WHAT NEEDS TO BE DONE — Write out exactly the lines from the one holding "Topographic Map of" to the last line of the entries, both ends included and nothing else, without the pictures.

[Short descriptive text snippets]
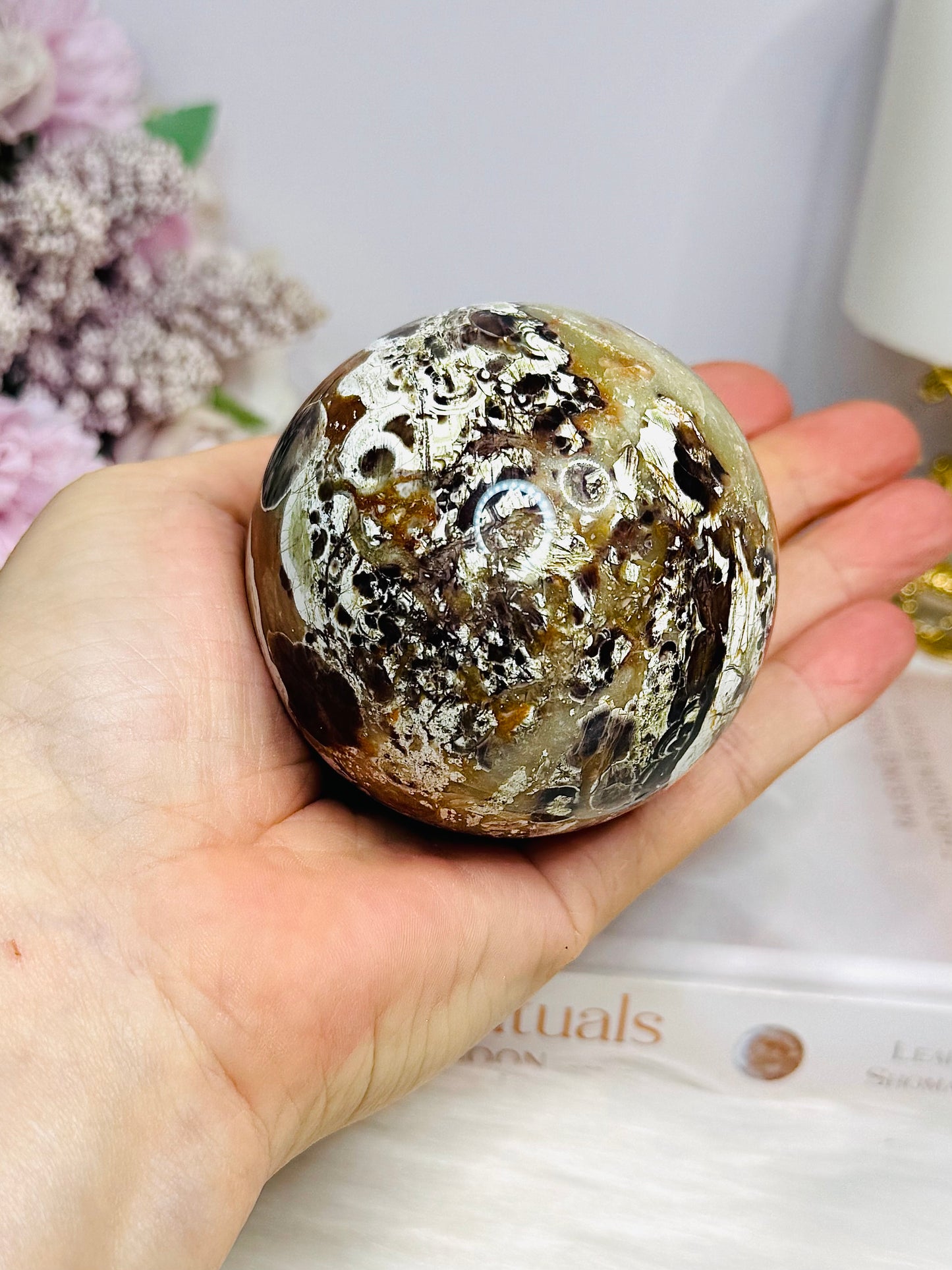 Large Money Agate Sphere on Stand 399g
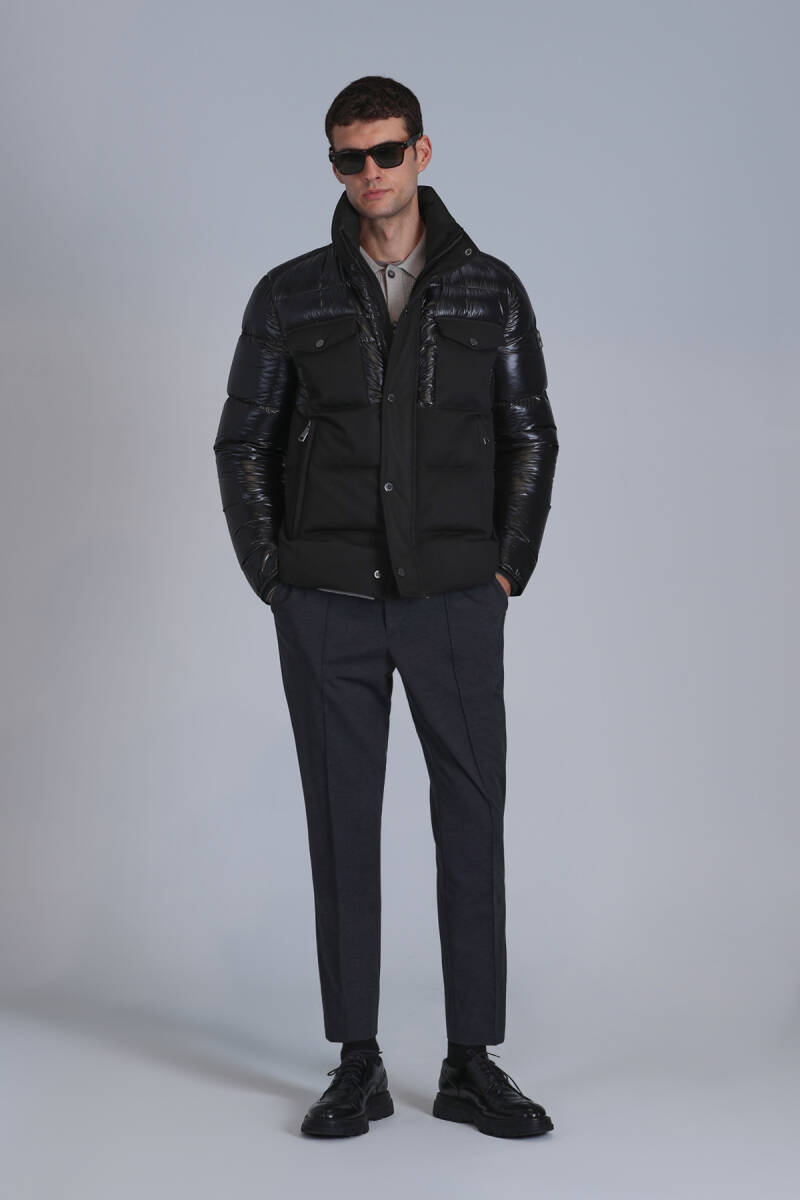 Genius Kaz Tüyü Erkek Mont Siyah - 4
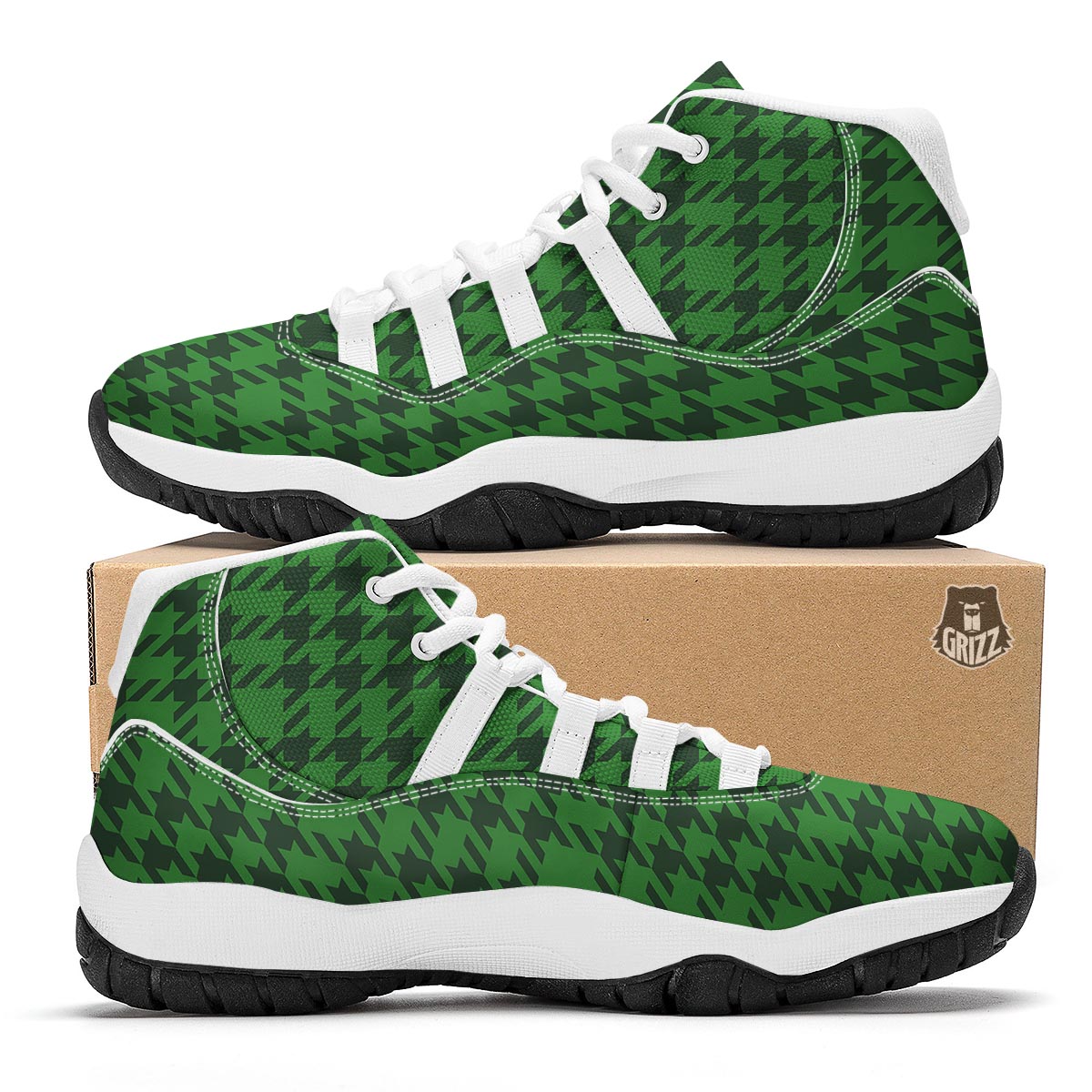 Houndstooth green Trippy Print Pattern White Bball Shoes-grizzshop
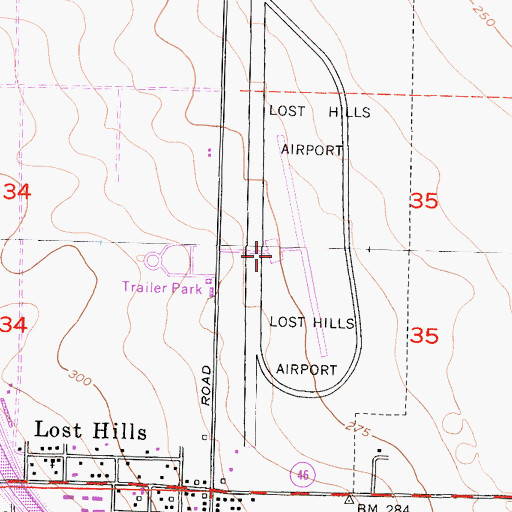 Topographic Map of Lost Hills-Kern County Airport, CA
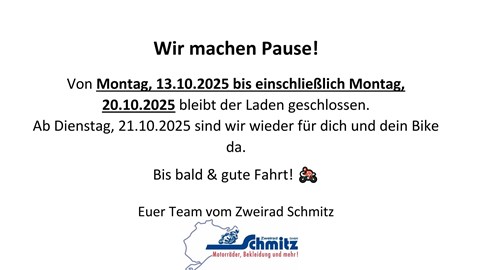 Betriebsferien vom 13. bis 20. Oktober 2025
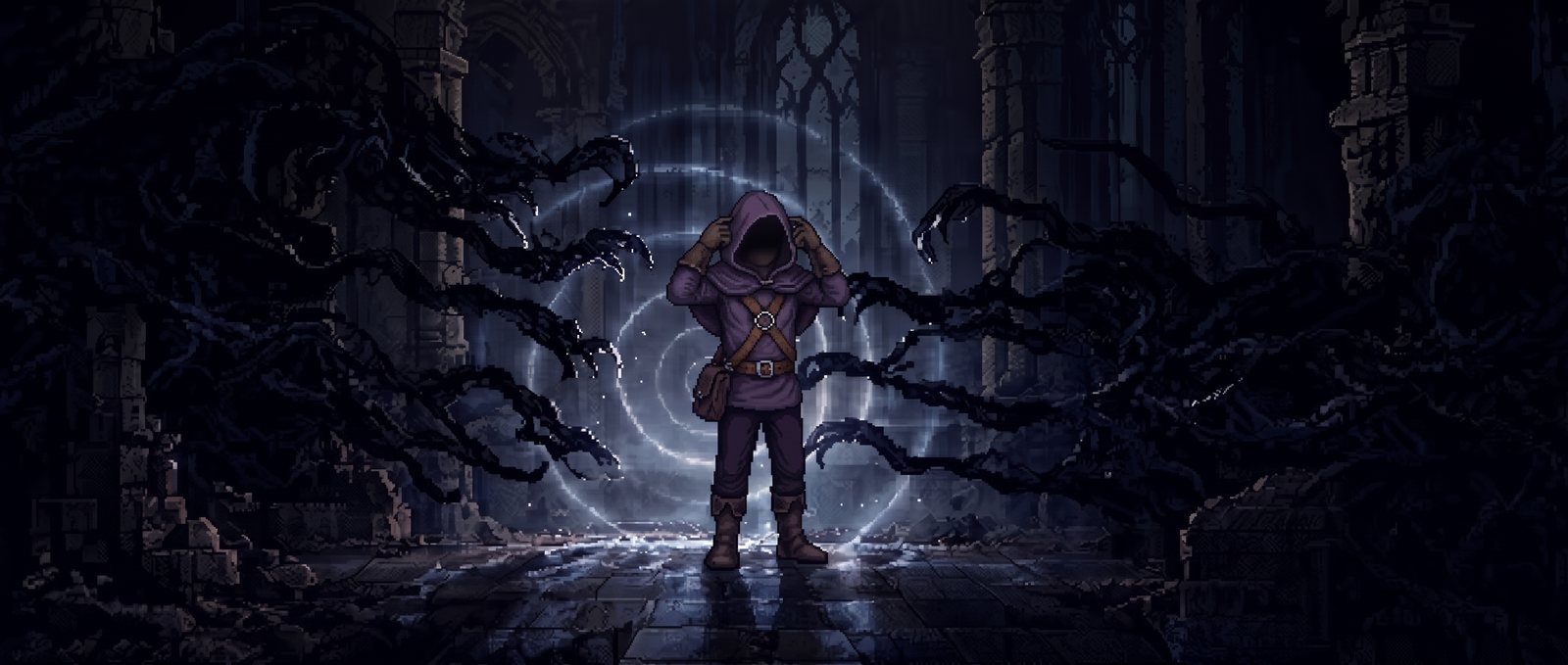 Pixel art poster: a hooded figure before a glowing spiral portal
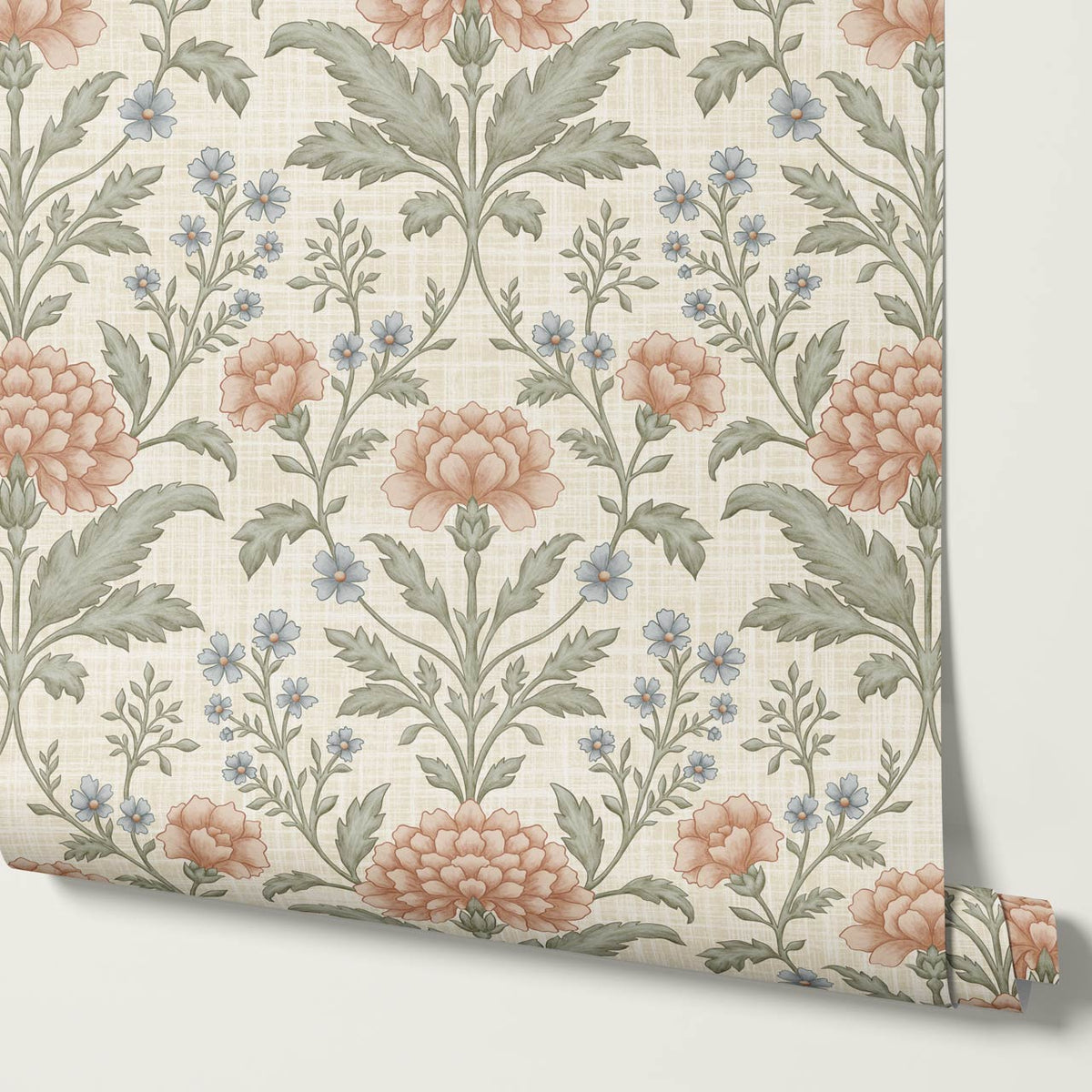 Elena Heirloom Garden Ivory Clay Sage Wallpaper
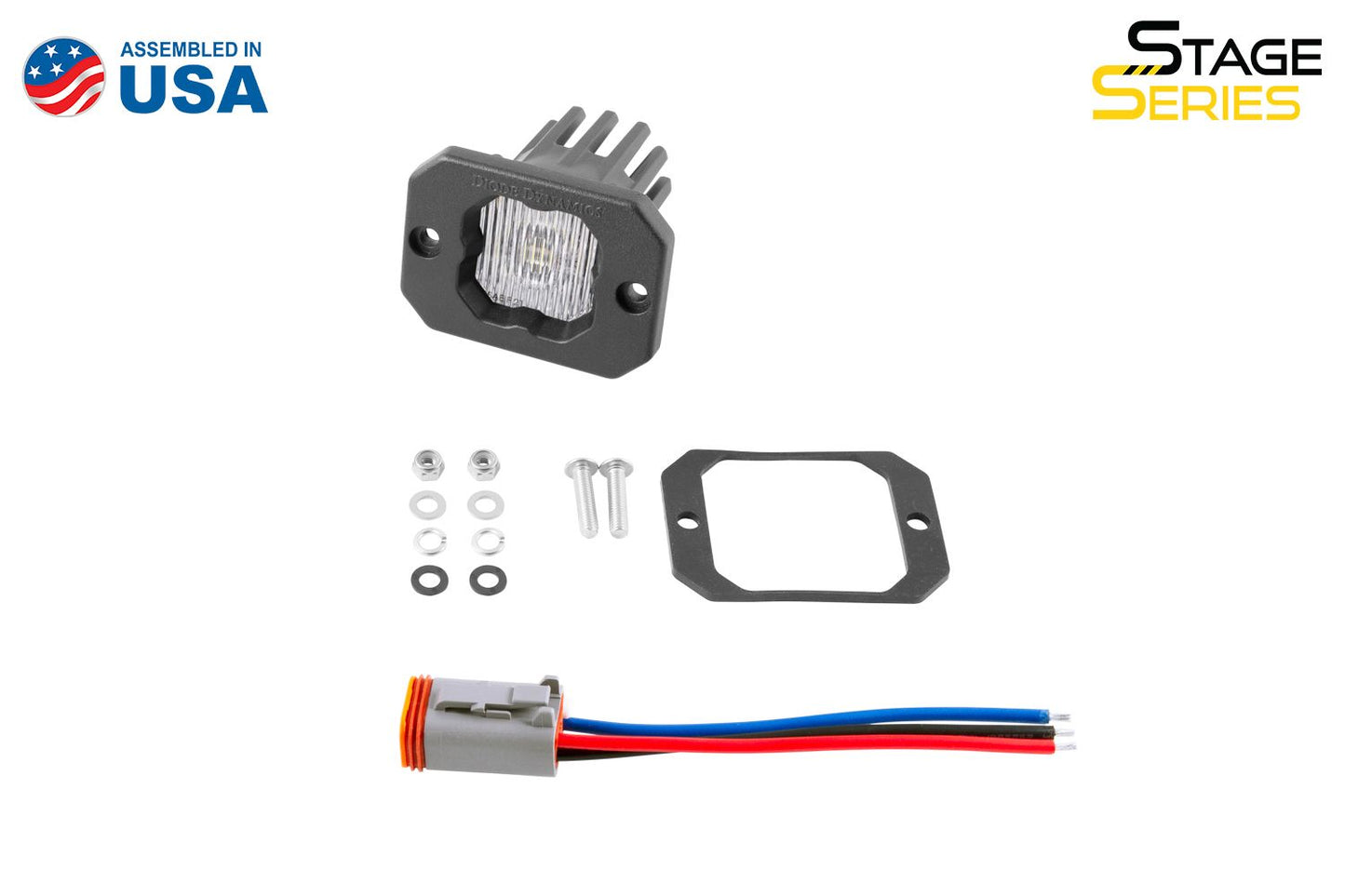 Stage Series C1 White SAE Fog Flush Mount LED Pod (one)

WRITTEN ANSWER —
 Topographic Map of Lost Hills-Kern County Airport, CA
 Betriebsferien vom 13. bis 20. Oktober 2025
 Pixel art poster: a hooded figure before a glowing spiral portal
 Elena Heirloom Garden Ivory Clay Sage Wallpaper
 Stage Series C1 White SAE Fog Flush Mount LED Pod (one)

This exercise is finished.